Segment Start: INPUT FOR THIS TASK

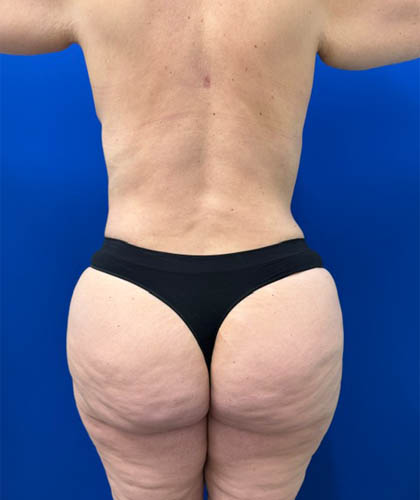 Liposuction case #13795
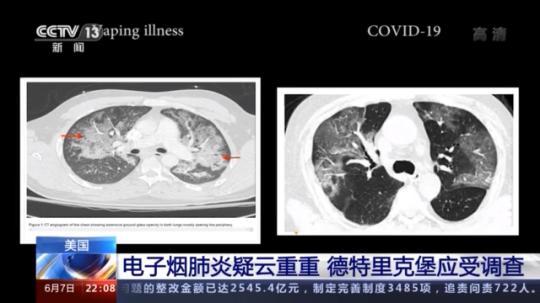 點擊進(jìn)入下一頁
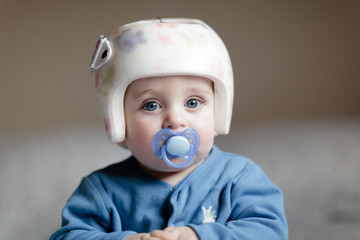 baby with helment for  Plagiocephaly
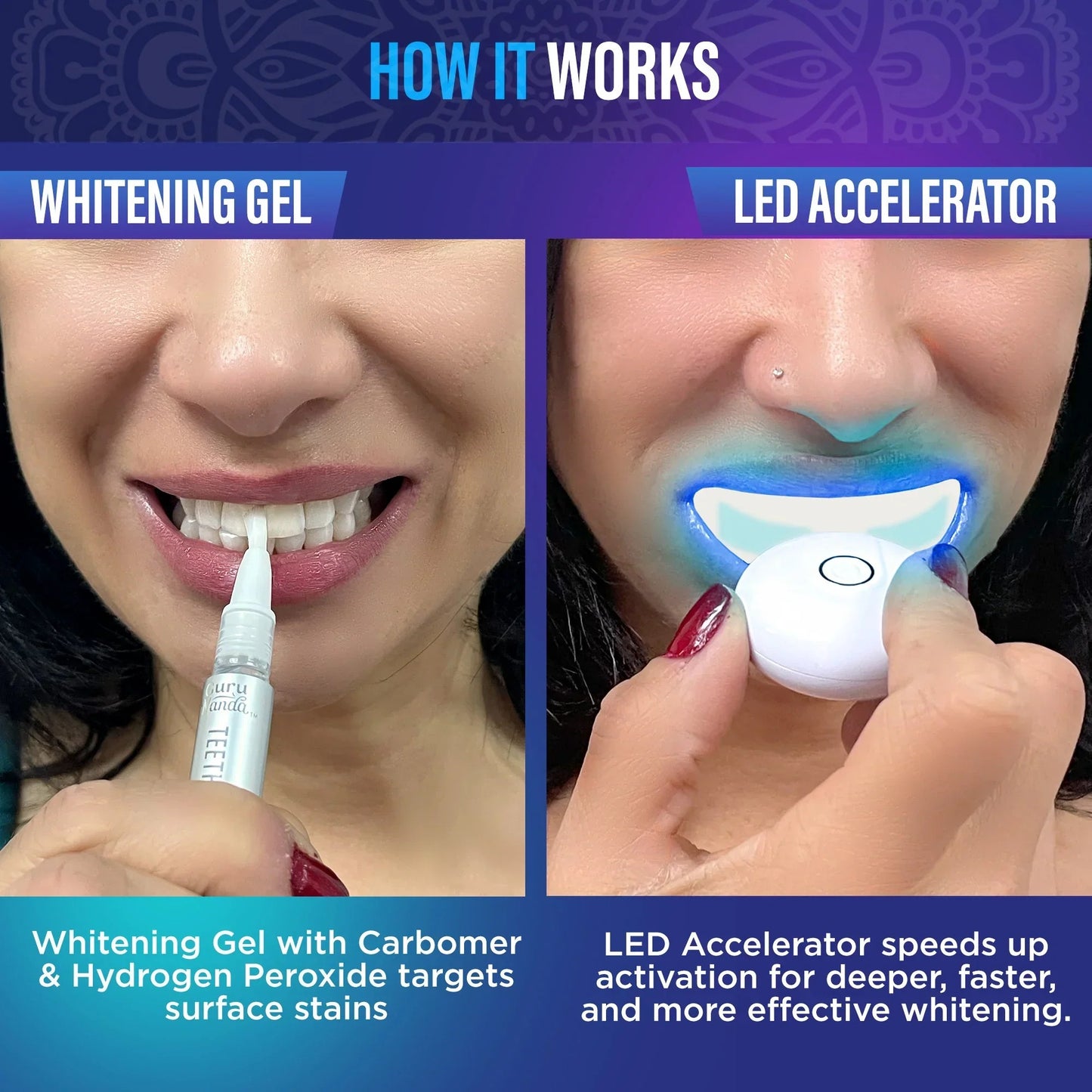 Total Teeth Whitening Smile Makeover Bundle Offer Kit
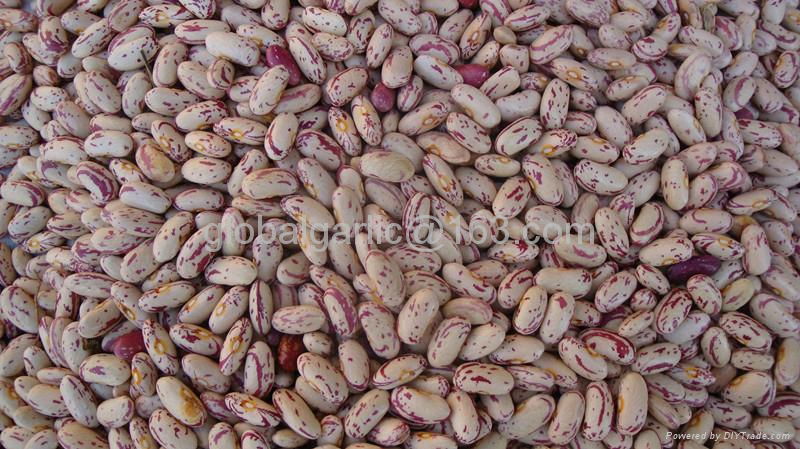 light speckled Kidney beans 2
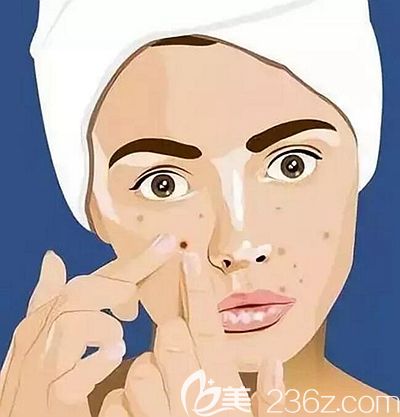 擠痘會容易留下痘印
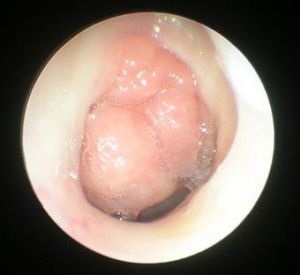 Adenoides (megnagyobbodott mandulával)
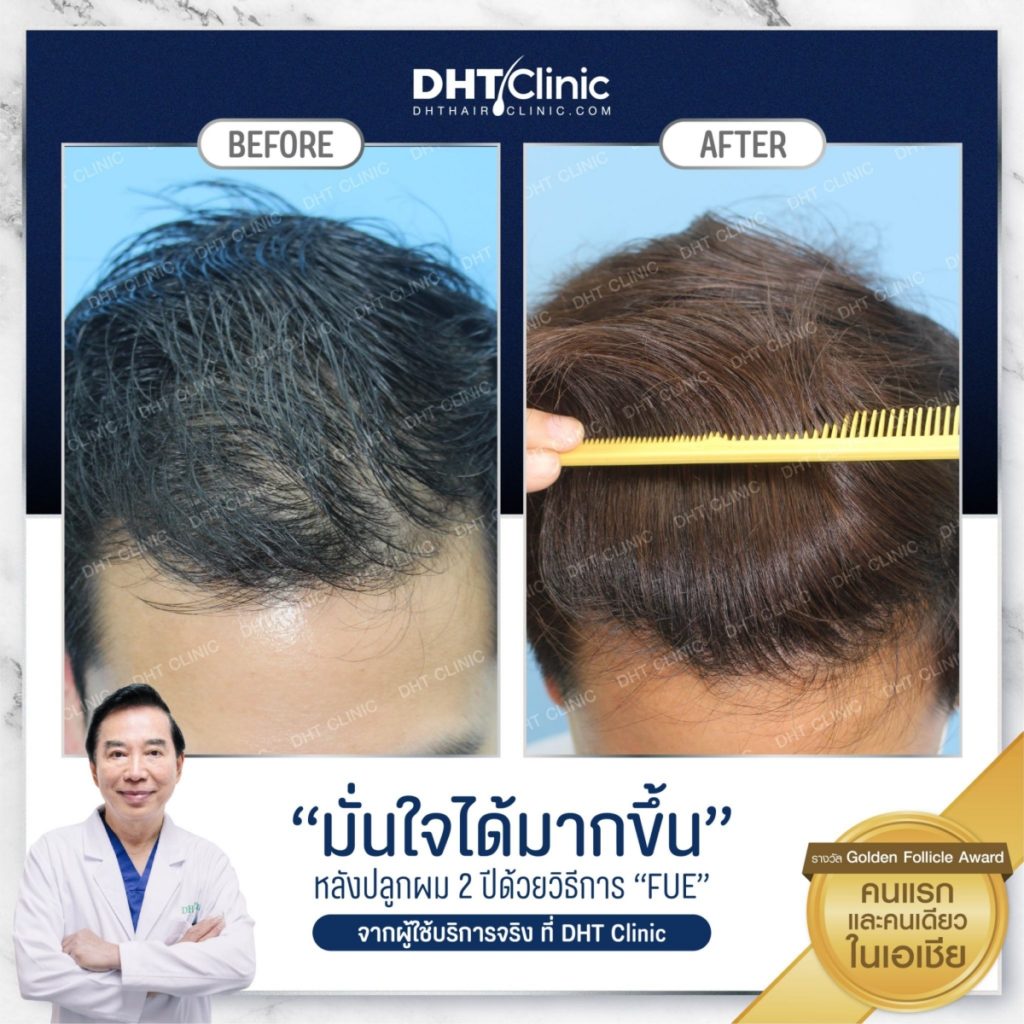 Dhtclinic The First Hair Transplantation Clinic In Thailand 7227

Segment End: INPUT FOR THIS TASK

_TASK PROMPT_: Copy the lines starting at the line that contains "light speckled Kidney beans 2" and running to the final line of the entries, inclusive; omit all pictures.

_TASK OUTPUT_:
 light speckled Kidney beans 2
 擠痘會容易留下痘印
 Adenoides (megnagyobbodott mandulával)
 Dhtclinic The First Hair Transplantation Clinic In Thailand 7227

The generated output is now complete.